For 2), nobody knows the answer to this. Nobody. Anybody who claims to
do so is full of sh*t. Maybe compound pages work out, maybe they
don't. We can talk a million years about larger page sizes, how to
handle internal fragmentation, the difficulties of implementing a
chunk cache, but it's completely irrelevant because it's speculative.
We know there are multiple page sizes supported by the hardware and
the smallest supported one is no longer the most dominant one. We do
not know for sure yet how the MM is internally going to lay out its
type system so that the allocator, mmap, page reclaim etc. can be CPU
efficient and the descriptors be memory efficient.
Nobody's "grand plan" here is any more viable, tested or proven than
anybody else's.
My question for fs folks is simply this: as long as you can pass a
folio to kmap and mmap and it knows what to do with it, is there any
filesystem relevant requirement that the folio map to 1 or more
literal "struct page", and that folio_page(), folio_nr_pages() etc be
part of the public API? Or can we keep this translation layer private
to MM code?

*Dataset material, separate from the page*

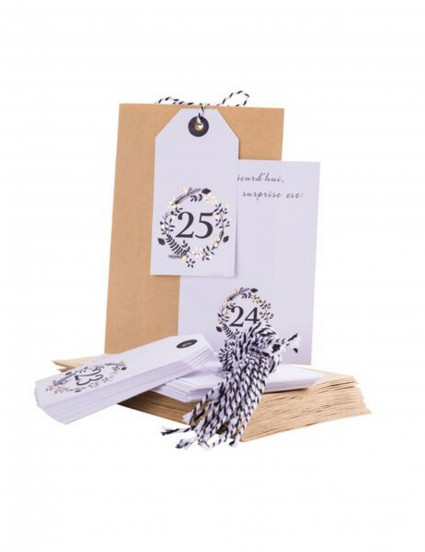 Calendrier de l'avent jolis moments 25 pochettes/étiquettes et ficelle Calendrier de l'avent jolis moments 25 pochettes/étiquettes et ficelle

And will page_folio() be required for anything beyond the
transitional period away from pages?
Can we move things not used outside of MM into mm/internal.h, mark the
transitional bits of the public API as such, and move on?
The unproductive vitriol, personal attacks and dismissiveness over
relatively minor asks and RFCs from the subsystem that is the most
impacted by this patchset is just nuts.